## PROBLEM TO SOLVE
Only the lines below starting at the one containing "Men Seattle Seahawks" and ending at the one containing "Man in Formal Black Suit and White Shirt" belong in the answer, each copied exactly.

## MATERIAL FOR THIS TASK

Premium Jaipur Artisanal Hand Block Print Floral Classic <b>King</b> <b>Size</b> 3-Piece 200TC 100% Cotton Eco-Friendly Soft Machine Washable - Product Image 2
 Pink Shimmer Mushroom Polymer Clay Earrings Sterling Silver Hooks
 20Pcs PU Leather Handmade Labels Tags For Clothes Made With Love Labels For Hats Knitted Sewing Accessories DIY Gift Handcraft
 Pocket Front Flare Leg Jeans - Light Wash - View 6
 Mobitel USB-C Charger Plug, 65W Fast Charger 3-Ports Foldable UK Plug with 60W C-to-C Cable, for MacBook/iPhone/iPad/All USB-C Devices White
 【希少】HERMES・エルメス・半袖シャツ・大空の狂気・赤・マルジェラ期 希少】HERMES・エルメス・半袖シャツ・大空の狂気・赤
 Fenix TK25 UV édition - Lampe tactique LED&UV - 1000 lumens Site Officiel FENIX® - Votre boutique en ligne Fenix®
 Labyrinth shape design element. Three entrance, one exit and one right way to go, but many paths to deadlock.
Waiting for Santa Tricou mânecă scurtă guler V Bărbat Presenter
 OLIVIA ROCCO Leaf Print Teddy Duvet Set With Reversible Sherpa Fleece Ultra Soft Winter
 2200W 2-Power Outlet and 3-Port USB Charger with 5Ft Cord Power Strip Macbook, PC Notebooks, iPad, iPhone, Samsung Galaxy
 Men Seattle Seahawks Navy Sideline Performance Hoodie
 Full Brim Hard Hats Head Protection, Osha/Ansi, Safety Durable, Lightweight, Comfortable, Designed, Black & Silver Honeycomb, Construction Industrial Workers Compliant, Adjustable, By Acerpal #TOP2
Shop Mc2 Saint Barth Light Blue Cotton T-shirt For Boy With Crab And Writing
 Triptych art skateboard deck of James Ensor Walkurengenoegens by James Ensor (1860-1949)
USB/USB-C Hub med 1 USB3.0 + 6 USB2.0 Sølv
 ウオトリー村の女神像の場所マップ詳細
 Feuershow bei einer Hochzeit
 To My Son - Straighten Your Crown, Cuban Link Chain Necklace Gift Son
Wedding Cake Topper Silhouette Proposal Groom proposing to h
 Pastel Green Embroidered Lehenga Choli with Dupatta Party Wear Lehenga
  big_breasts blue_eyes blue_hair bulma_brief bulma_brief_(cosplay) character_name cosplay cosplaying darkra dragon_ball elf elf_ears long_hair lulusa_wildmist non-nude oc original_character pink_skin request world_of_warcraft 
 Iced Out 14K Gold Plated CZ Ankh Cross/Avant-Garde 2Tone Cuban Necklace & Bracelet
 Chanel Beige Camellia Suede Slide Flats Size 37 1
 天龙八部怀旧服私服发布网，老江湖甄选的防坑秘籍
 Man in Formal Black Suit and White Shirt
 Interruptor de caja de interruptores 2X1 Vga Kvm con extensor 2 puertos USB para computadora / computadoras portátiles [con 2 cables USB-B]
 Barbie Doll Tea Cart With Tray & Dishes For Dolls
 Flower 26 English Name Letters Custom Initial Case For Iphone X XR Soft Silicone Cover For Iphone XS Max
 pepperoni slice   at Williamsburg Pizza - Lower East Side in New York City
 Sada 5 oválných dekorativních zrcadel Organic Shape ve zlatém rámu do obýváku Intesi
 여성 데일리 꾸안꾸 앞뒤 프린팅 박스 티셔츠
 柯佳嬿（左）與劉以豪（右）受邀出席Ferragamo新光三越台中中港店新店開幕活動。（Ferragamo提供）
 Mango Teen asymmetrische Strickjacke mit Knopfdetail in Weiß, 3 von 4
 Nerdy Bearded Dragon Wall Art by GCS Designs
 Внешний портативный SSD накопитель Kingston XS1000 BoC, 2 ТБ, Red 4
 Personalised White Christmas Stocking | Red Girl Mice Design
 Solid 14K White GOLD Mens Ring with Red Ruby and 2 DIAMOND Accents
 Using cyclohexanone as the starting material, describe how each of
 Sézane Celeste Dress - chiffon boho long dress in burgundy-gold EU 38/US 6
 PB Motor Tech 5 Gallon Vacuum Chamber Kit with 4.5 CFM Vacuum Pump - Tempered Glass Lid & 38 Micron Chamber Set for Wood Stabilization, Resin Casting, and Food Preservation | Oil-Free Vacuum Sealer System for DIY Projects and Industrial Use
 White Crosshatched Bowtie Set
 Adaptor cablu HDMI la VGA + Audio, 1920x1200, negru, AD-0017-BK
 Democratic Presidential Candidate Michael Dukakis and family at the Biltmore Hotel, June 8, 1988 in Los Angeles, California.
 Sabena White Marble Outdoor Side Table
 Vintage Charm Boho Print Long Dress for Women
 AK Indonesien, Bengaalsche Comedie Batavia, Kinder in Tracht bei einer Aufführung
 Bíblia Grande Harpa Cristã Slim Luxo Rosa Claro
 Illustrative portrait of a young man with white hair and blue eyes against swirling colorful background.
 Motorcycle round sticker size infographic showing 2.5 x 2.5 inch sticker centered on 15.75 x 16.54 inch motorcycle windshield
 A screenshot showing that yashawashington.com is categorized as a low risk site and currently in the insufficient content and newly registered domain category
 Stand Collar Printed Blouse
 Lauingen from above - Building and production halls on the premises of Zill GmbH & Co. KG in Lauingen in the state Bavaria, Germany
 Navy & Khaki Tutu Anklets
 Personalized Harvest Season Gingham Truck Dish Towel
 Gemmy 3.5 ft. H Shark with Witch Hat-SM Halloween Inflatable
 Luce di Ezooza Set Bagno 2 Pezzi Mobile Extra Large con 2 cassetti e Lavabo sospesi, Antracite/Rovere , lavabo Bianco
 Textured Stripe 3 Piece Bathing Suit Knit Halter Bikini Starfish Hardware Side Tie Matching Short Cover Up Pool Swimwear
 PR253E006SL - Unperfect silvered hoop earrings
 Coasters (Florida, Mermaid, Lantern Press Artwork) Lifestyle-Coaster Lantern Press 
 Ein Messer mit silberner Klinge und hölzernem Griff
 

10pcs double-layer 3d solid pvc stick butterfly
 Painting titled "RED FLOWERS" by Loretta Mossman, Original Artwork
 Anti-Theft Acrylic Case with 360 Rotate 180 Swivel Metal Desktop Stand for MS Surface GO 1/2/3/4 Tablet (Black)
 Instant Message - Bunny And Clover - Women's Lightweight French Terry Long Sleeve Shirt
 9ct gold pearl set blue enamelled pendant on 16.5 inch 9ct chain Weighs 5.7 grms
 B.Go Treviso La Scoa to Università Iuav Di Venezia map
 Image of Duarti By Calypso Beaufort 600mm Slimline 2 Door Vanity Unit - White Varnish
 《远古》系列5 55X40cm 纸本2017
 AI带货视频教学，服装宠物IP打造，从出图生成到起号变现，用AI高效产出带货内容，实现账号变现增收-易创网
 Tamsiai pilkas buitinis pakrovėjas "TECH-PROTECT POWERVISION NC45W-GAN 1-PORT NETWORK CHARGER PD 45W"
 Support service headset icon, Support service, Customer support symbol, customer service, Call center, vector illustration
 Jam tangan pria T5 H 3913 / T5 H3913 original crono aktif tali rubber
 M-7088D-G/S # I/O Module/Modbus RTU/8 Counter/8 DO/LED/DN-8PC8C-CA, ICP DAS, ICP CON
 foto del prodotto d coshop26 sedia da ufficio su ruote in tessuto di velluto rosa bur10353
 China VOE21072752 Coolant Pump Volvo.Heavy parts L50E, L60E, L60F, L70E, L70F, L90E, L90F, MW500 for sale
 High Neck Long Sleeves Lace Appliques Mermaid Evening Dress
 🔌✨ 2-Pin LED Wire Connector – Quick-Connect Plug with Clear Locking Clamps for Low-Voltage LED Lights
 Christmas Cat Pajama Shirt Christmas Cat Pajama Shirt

## TASK RESULT
 Men Seattle Seahawks Navy Sideline Performance Hoodie
 Full Brim Hard Hats Head Protection, Osha/Ansi, Safety Durable, Lightweight, Comfortable, Designed, Black & Silver Honeycomb, Construction Industrial Workers Compliant, Adjustable, By Acerpal #TOP2
Shop Mc2 Saint Barth Light Blue Cotton T-shirt For Boy With Crab And Writing
 Triptych art skateboard deck of James Ensor Walkurengenoegens by James Ensor (1860-1949)
USB/USB-C Hub med 1 USB3.0 + 6 USB2.0 Sølv
 ウオトリー村の女神像の場所マップ詳細
 Feuershow bei einer Hochzeit
 To My Son - Straighten Your Crown, Cuban Link Chain Necklace Gift Son
Wedding Cake Topper Silhouette Proposal Groom proposing to h
 Pastel Green Embroidered Lehenga Choli with Dupatta Party Wear Lehenga
  big_breasts blue_eyes blue_hair bulma_brief bulma_brief_(cosplay) character_name cosplay cosplaying darkra dragon_ball elf elf_ears long_hair lulusa_wildmist non-nude oc original_character pink_skin request world_of_warcraft 
 Iced Out 14K Gold Plated CZ Ankh Cross/Avant-Garde 2Tone Cuban Necklace & Bracelet
 Chanel Beige Camellia Suede Slide Flats Size 37 1
 天龙八部怀旧服私服发布网，老江湖甄选的防坑秘籍
 Man in Formal Black Suit and White Shirt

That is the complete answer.